Attenberg looks forward to the conversations that will be had in the newly toxic Trumpland. “I want to see what’s happening in America,” she said. “We are going to have an enormous conversation. Everything feels so urgent now.”
Though based in Brooklyn for two decades, Attenberg’s wanderlust continued every year. She’d sublet her loft for months, going out to a new city, like her sojourn in Los Angeles several years ago. Recently, she kept going back to New Orleans. “For the past five years, New Orleans has been my spot,” she said.

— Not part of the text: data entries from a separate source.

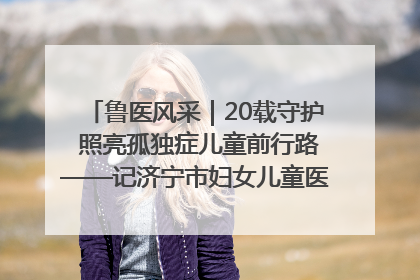 鲁医风采｜20载守护 照亮孤独症儿童前行路——记济宁市妇女儿童医院儿童康复中心主任、副主任技师赵淑珍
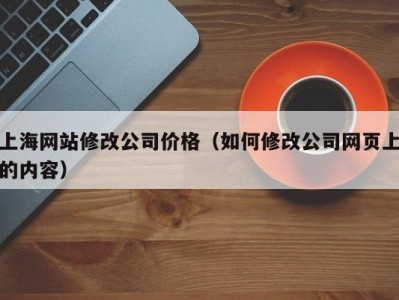 上海网站修改公司价格（如何修改公司网页上的内容）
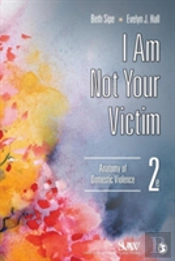 I Am Not Your Victim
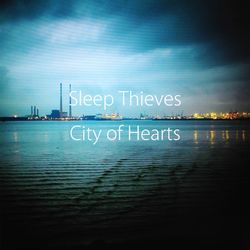 City Of Hearts - Single - Sleep Thieves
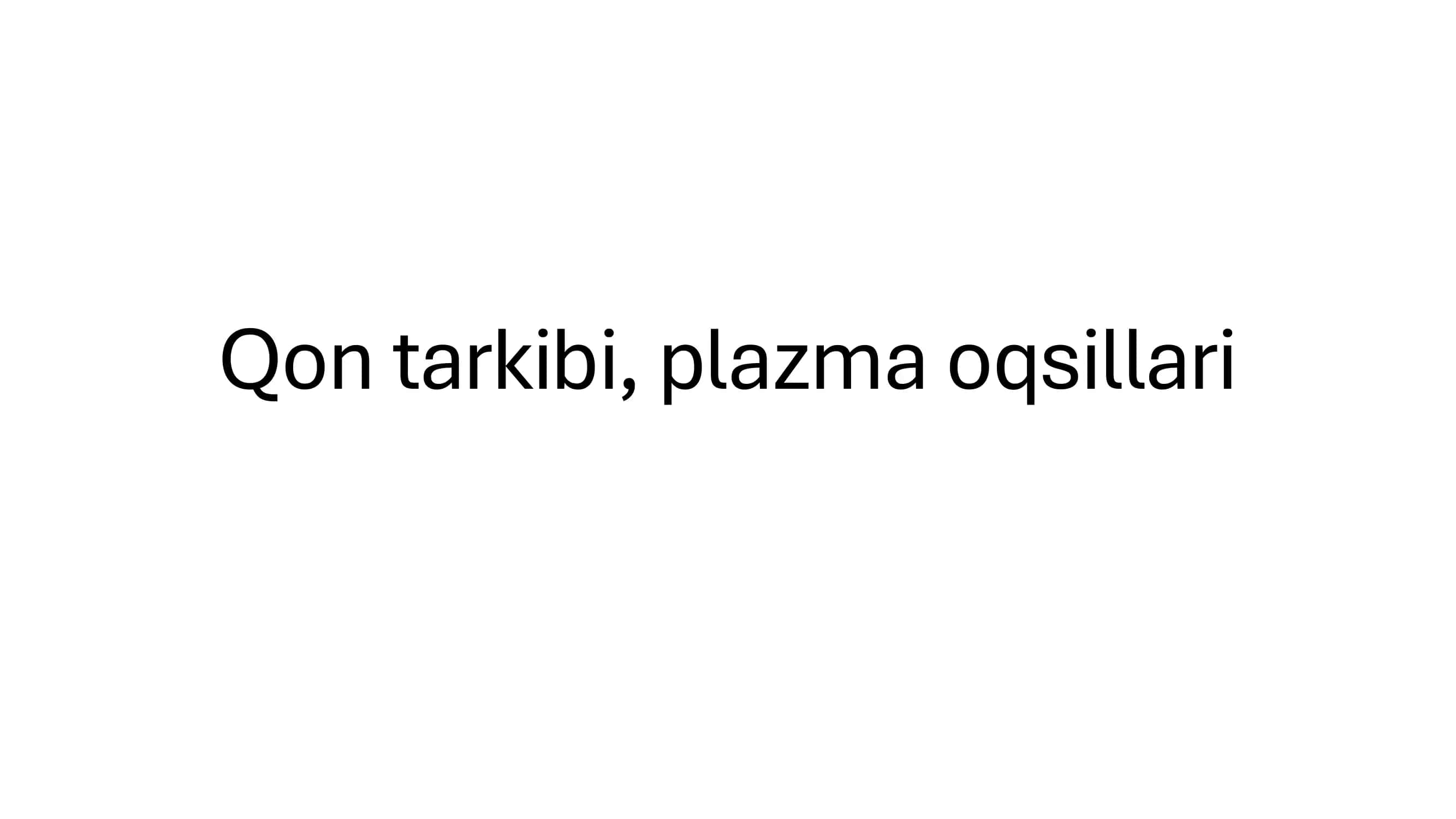 Qon tarkibi, plazma oqsillari 1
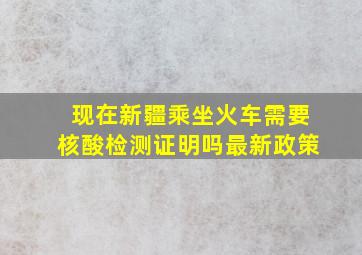 现在新疆乘坐火车需要核酸检测证明吗最新政策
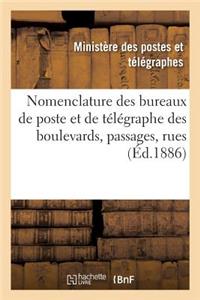 Nomenclature Des Bureaux de Poste Et de Télégraphe Des Boulevards, Passages, Rues, Etc.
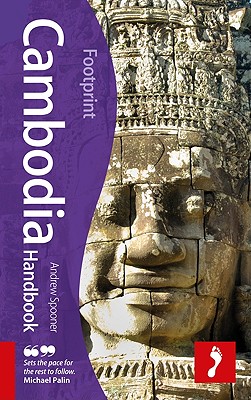 Footprint Cambodia Handbook - Spooner, Andrew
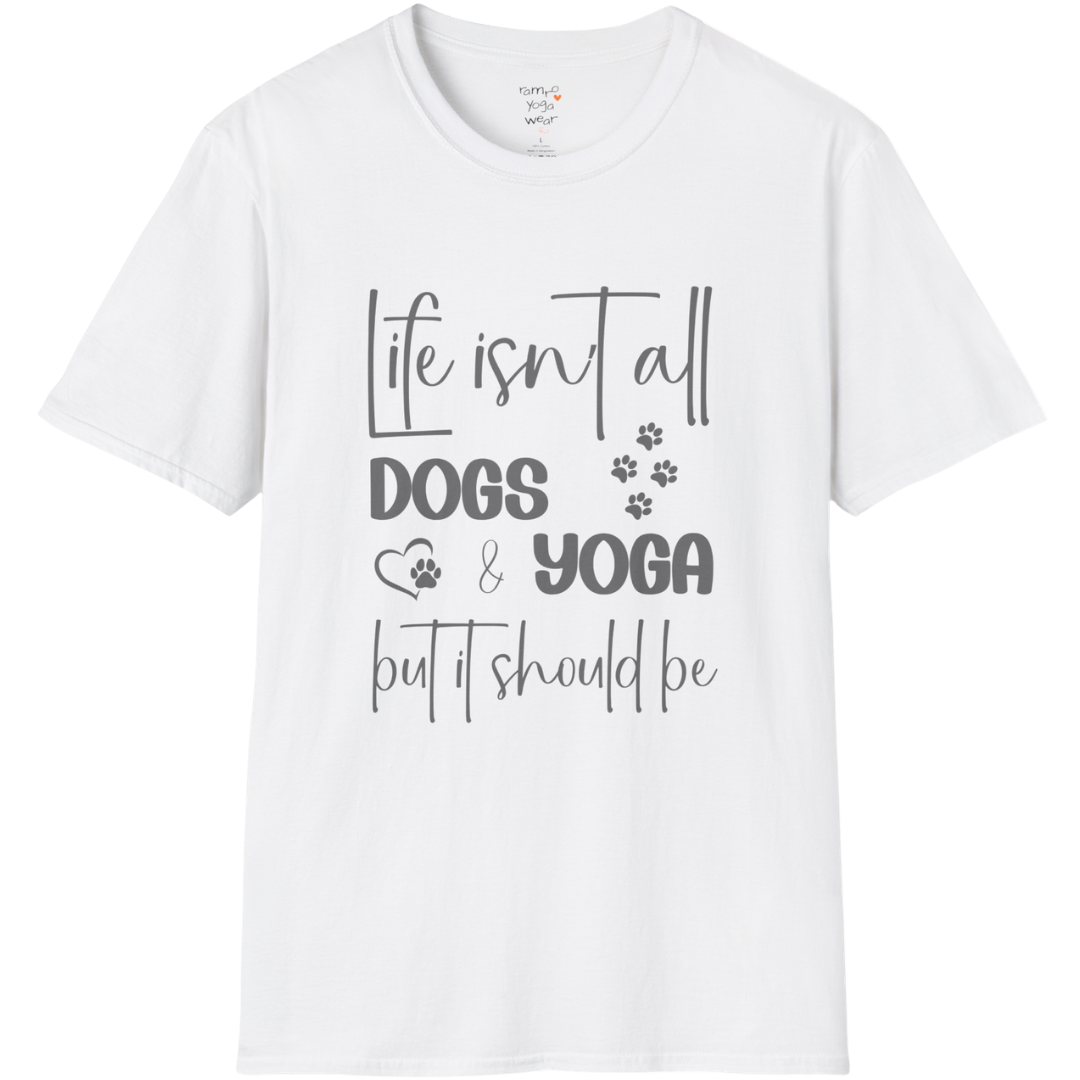 Paw print and script typography reading "Life isn't all dogs and yoga, but it should be" on White tee — The Vault collection by Ramro Yoga Wear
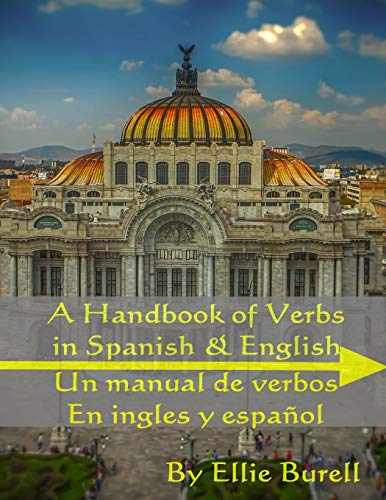 Stock image for A Handbook Of Verbs In English and Spanish: Un manual de verbos En ingles y espaol (Words R Us Bilingual Dictionaries) for sale by Lucky's Textbooks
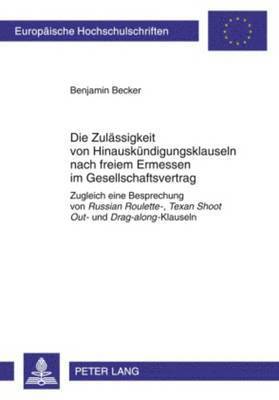 Benjamin Becker - Die Zulaessigkeit von Hinauskuendigungsklauseln nach freiem Ermessen im Gesellschaftsvertrag, Häftad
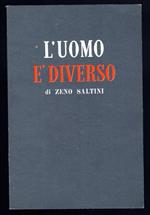 L' uomo è diverso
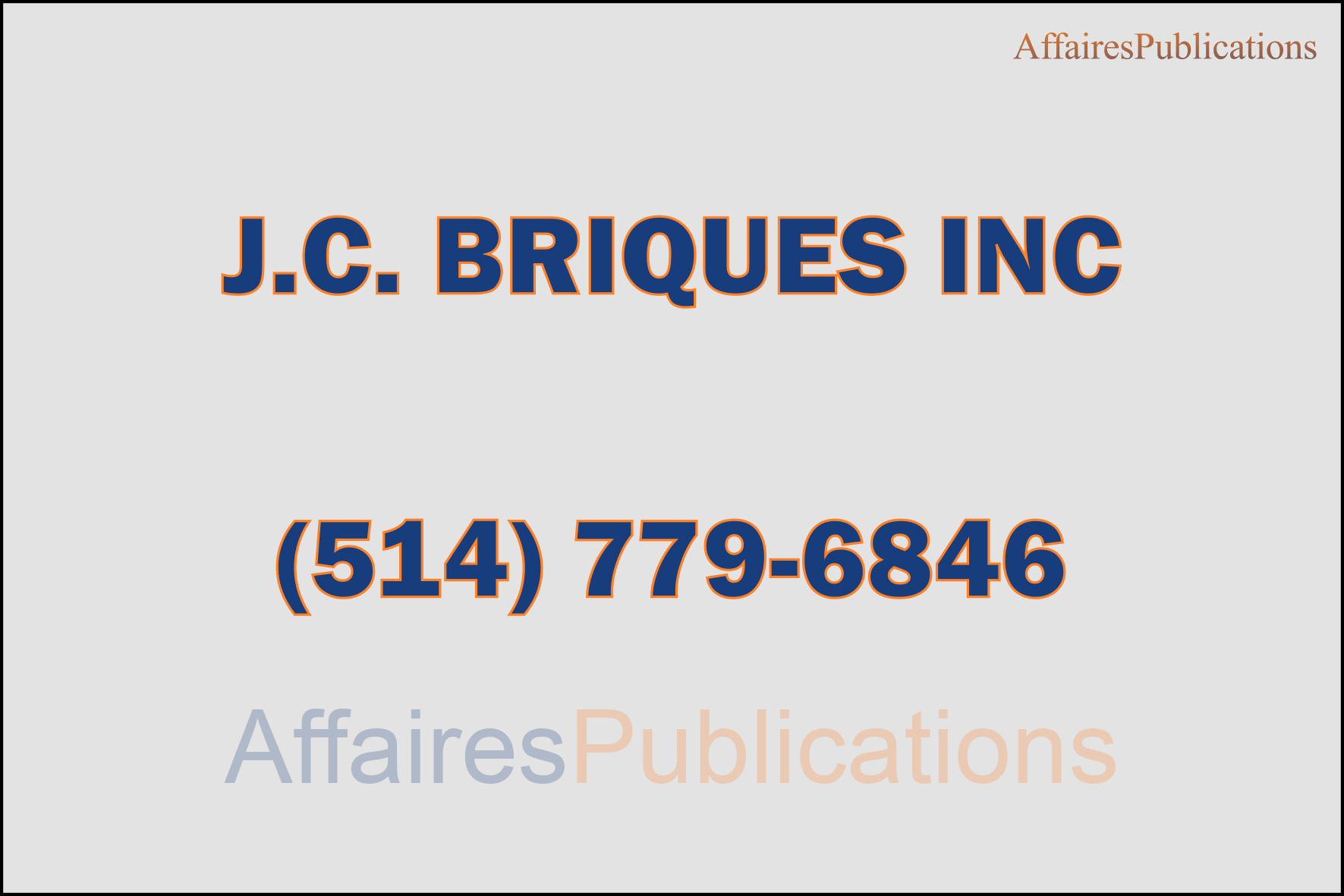 J.C. BRIQUES INC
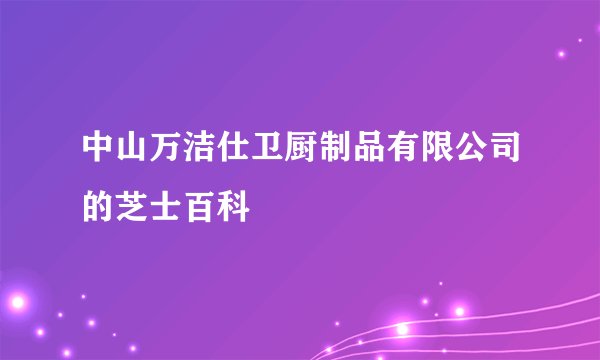 中山万洁仕卫厨制品有限公司的芝士百科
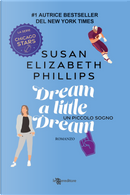 Dream a little dream. Un piccolo sogno by Susan Elizabeth Phillips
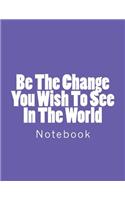 Be The Change You Wish To See In The World: Notebook Large Size 8.5 x 11 Ruled 150 Pages Softcover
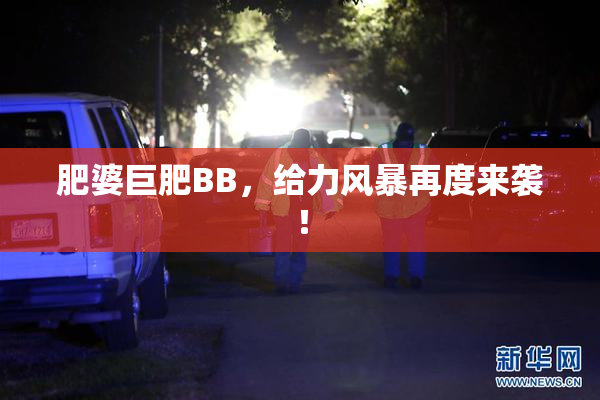 肥婆巨肥BB，给力风暴再度来袭！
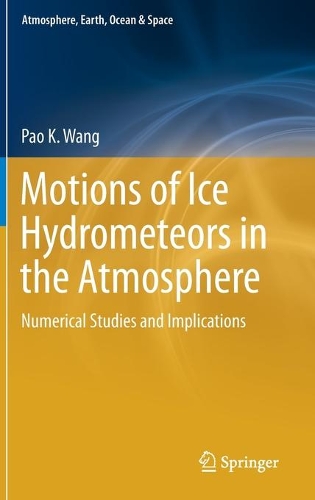 Motions of Ice Hydrometeors in the Atmosphere: Numerical Studies and Implications(Atmosphere, Earth, Ocean & Space)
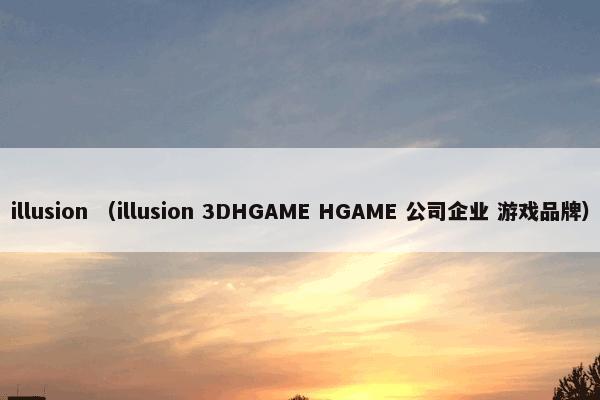 illusion （illusion 3DHGAME HGAME 公司企业 游戏品牌）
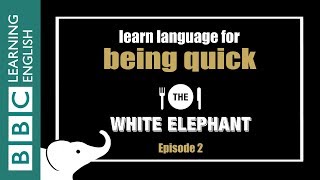 The White Elephant: 2 - Talking about being quick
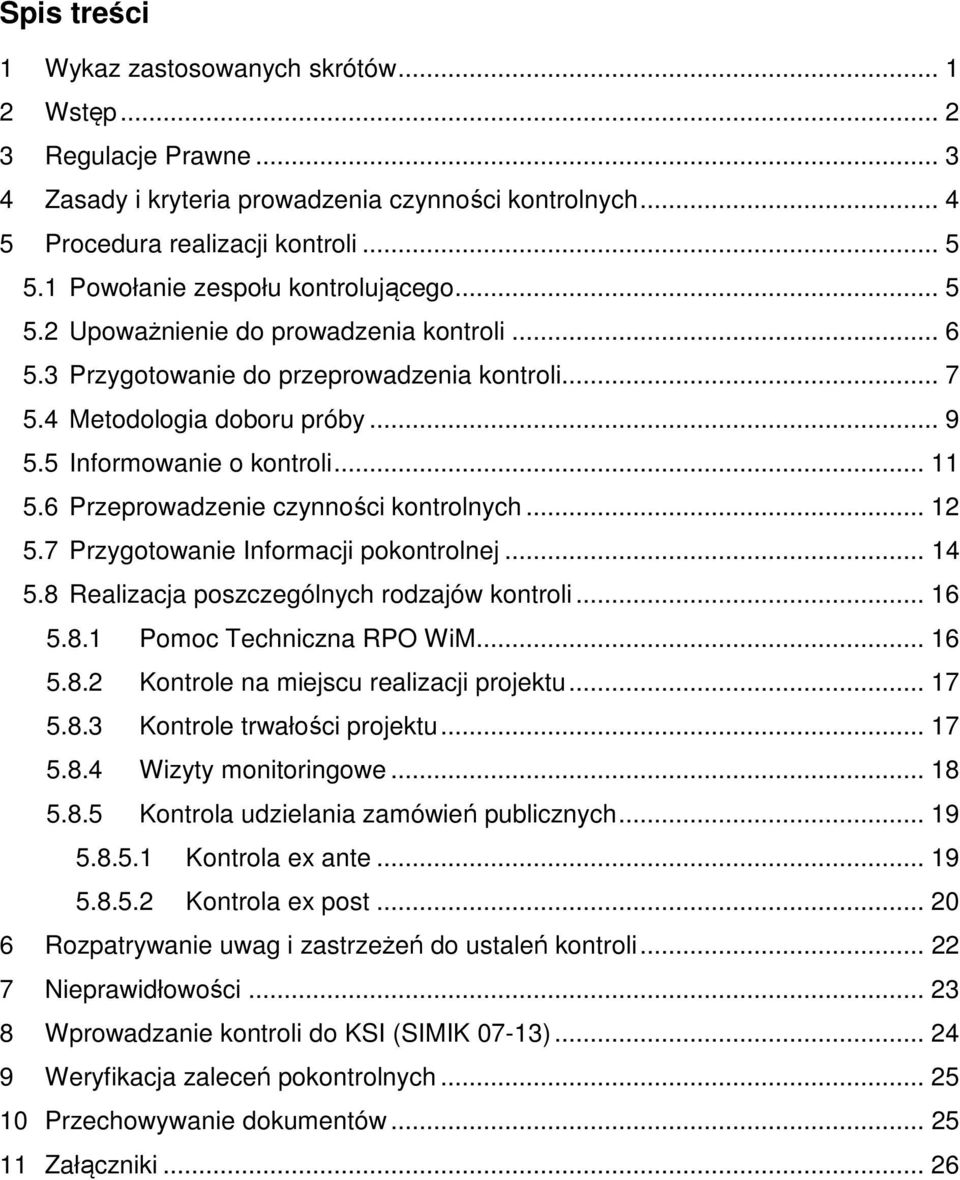 .. 11 5.6 Przeprowadzenie czynności kontrolnych... 12 5.7 Przygotowanie Informacji pokontrolnej... 14 5.8 Realizacja poszczególnych rodzajów kontroli... 16 5.8.1 Pomoc Techniczna RPO WiM... 16 5.8.2 Kontrole na miejscu realizacji projektu.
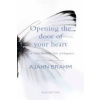 Opening the Door of Your Heart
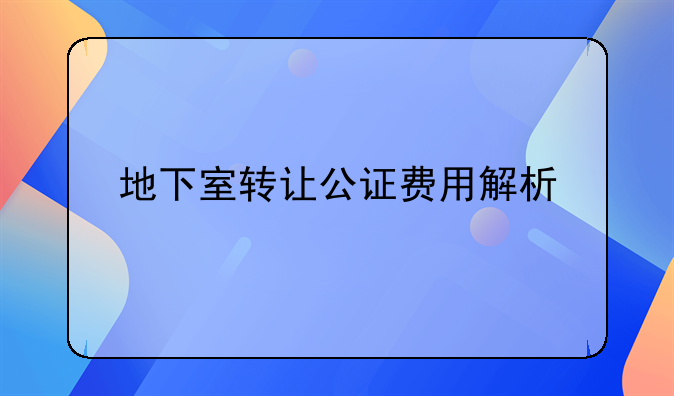 地下室转让公证费用解析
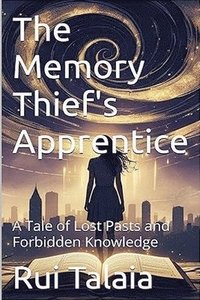 bokomslag Memory Thief's Apprentice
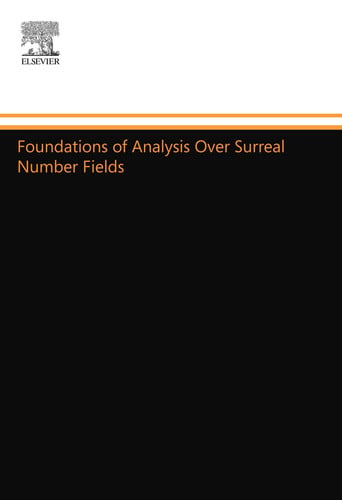 Foundations of Analysis Over Surreal Number Fields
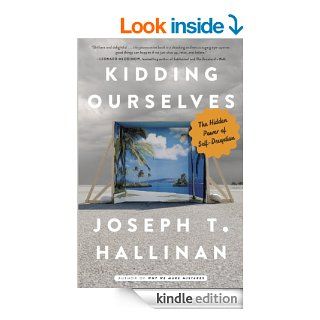 Kidding Ourselves The Hidden Power of Self Deception eBook Joseph T. Hallinan Kindle Store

A two–book deal pulled Attenberg out of debt and allowed her to buy a house in New Orleans. She splits her time between there and Brooklyn. “The house is called a side-hall shotgun, with all the rooms off one hallway,” she said. “It is a small house, but it has a beautiful office. New Orleans is a great place to write.”
“I love New York for millions of reasons, but I am interested in my quality of life,” said Attenberg. “My quality of life is better down in New Orleans. I was looking to where I wanted to be in my 50’s, and I wanted to be here.”
The title of her novel begs the question--does Attenberg feel grown up at 45? “Am I all grown up? I don’t know if anyone can be. I have this little house, a dog and a quiet and secure life,” she said. “I don’t even know if I was dreaming of that, but suddenly it became possible. For me, to have a home of my own feels like progress.”
Attenberg has tapped into the New Orleans literary scene. “There are a lot of writers down here,” she said. “I helped organize a Writers Resist event recently. I knew some writers and met a lot more. There are a lot of journalists down here who write about New Orleans for other places. It is a fascinating place with a complicated history, and a lot of things to write about.”
“I’ve met some great people,” said Attenberg. “I had my birthday dinner in November and I was at a table with people dressed in black. We were all writers. We all have shared sensibilities and neuroses. Wherever I go, I can’t escape that scene.”